■ Assignment ■
Write out exactly the lines of the entries below from the one holding "And then you" to the one holding "Dip the pH electrode", inclusive, and leave out all other lines.
____________
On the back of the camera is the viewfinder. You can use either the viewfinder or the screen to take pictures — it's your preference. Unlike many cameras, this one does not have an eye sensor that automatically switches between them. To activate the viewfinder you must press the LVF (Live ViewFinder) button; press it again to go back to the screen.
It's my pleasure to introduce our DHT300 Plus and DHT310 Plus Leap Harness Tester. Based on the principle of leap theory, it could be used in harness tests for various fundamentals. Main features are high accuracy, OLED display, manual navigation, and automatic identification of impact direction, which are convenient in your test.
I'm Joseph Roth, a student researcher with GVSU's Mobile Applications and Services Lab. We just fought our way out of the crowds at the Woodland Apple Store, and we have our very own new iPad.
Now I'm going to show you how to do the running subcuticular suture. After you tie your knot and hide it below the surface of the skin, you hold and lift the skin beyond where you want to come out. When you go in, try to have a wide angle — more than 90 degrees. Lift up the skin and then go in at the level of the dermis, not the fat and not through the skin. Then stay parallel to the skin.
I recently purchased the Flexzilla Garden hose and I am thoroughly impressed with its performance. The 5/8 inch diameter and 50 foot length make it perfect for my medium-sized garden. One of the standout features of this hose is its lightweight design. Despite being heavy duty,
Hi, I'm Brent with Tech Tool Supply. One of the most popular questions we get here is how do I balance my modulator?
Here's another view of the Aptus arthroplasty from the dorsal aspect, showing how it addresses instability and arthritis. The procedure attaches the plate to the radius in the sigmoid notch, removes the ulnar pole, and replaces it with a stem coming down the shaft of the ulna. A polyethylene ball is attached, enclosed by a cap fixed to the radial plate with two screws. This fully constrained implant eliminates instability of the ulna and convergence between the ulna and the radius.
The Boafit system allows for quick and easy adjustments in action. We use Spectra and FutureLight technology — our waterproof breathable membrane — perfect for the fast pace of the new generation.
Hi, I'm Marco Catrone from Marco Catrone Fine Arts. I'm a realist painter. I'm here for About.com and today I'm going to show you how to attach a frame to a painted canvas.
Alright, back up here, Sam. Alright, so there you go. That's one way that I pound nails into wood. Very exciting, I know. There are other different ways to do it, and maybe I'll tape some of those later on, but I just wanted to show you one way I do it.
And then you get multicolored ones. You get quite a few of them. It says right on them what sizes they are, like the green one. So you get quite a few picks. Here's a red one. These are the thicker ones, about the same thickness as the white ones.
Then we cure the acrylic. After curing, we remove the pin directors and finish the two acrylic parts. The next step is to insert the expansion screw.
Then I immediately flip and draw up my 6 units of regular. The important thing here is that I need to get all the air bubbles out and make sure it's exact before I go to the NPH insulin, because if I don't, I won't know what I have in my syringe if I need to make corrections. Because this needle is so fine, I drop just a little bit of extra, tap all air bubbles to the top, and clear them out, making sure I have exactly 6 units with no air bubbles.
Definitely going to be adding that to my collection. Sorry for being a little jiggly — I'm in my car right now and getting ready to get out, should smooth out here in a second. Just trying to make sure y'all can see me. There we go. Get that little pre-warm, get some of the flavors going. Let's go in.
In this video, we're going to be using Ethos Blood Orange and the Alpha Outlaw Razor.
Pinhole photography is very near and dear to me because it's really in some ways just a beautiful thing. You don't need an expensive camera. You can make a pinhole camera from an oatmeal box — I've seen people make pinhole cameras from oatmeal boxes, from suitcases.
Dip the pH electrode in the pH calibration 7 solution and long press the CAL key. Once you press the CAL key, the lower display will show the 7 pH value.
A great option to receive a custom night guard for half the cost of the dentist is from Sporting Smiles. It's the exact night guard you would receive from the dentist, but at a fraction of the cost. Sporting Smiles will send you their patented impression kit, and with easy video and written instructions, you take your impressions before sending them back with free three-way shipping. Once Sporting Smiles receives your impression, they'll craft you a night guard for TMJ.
____________
■ Solution to this exercise ■
And then you get multicolored ones. You get quite a few of them. It says right on them what sizes they are, like the green one. So you get quite a few picks. Here's a red one. These are the thicker ones, about the same thickness as the white ones.
Then we cure the acrylic. After curing, we remove the pin directors and finish the two acrylic parts. The next step is to insert the expansion screw.
Then I immediately flip and draw up my 6 units of regular. The important thing here is that I need to get all the air bubbles out and make sure it's exact before I go to the NPH insulin, because if I don't, I won't know what I have in my syringe if I need to make corrections. Because this needle is so fine, I drop just a little bit of extra, tap all air bubbles to the top, and clear them out, making sure I have exactly 6 units with no air bubbles.
Definitely going to be adding that to my collection. Sorry for being a little jiggly — I'm in my car right now and getting ready to get out, should smooth out here in a second. Just trying to make sure y'all can see me. There we go. Get that little pre-warm, get some of the flavors going. Let's go in.
In this video, we're going to be using Ethos Blood Orange and the Alpha Outlaw Razor.
Pinhole photography is very near and dear to me because it's really in some ways just a beautiful thing. You don't need an expensive camera. You can make a pinhole camera from an oatmeal box — I've seen people make pinhole cameras from oatmeal boxes, from suitcases.
Dip the pH electrode in the pH calibration 7 solution and long press the CAL key. Once you press the CAL key, the lower display will show the 7 pH value.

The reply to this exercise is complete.